本発明は、ディーゼル機関の排気浄化方法に関し、詳細には排気中に含まれる煤と窒素酸化物との両方を除去可能な排気浄化方法に関する。
ディーゼルエンジンの排気中の煤を除去する方法の例としては、例えば特許文献1に記載されたものがある。
同公報の方法は、機関排気系に酸化触媒と、その下流側に排気微粒子捕集用のフィルタ(ディーゼルパティキュレートフィルタ、以下「DPF」と称する)とを配置し、上流側の酸化触媒で排気中のNO(一酸化窒素)を酸化してNO2(二酸化窒素)を生成し、下流側のDPFで排気中の煤を捕集するとともに、この捕集された煤を酸化触媒で生成したNO2を用いて燃焼させることにより、DPF上の煤を除去している。
従来、DPF上の煤を通常の方法で燃焼させるためには、かなりの高温が必要とされていた。これに対して、上記公報の方法ではNO2と煤とを反応させることにより、ディーゼルエンジンの通常の排気温度(例えば300℃以下)で煤の燃焼を生じさせることが可能となる。このため、煤の燃焼用に特別な加熱手段等を設ける必要がなく、簡易な装置で排気中の煤を除去することが可能となる。

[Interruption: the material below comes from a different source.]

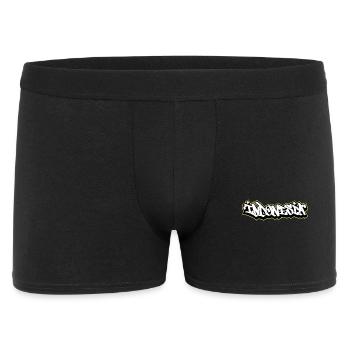 Carnet de croquis de tags de graffiti en Indonésie - Boxer Homme - noir - Devant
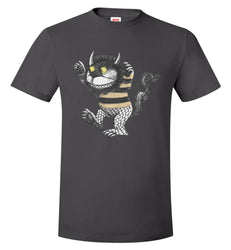Where the Wild Things Are - Simple Carol - T-shirt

特開平1−318715号公報 特開平6−317143号公報 特開平6−117220号公報
ところが、上記公報の方法では、排気中の煤を簡易に除去することはできるものの、排気中の窒素酸化物の大気放出を防止し得ないという問題がある。
すなわち、NO2は煤を構成するカーボンと、
NO2+C→NO+CO、及び2NO2+2C→N2+2CO2
の反応を生じて煤を燃焼させる。しかし、本出願人の研究によれば、ディーゼルエンジンの通常の排気程度の比較的低い温度領域では、上記2NO2+2C→N2+2CO2の反応はほとんど生じず、DPFに流入する排気中のNO2の大部分はNO2+C→NO+COの反応によりNOに転換されてしまうことが判明している。このため、上記公報の方法で排気中の煤を処理するとNOが排気とともに大気に放出されてしまう問題が生じる。
また、ディーゼル燃料は比較的多量の硫黄分を含んでいるが、この燃料中の硫黄はエンジンで燃焼して排気中にSO2成分を生成する。ところが、上記公報のように、酸化触媒を用いて排気中のNOをNO2に酸化していると排気中のSO2成分も同時に酸化されて排気中にSO3(サルフェート)が生成されてしまう問題がある。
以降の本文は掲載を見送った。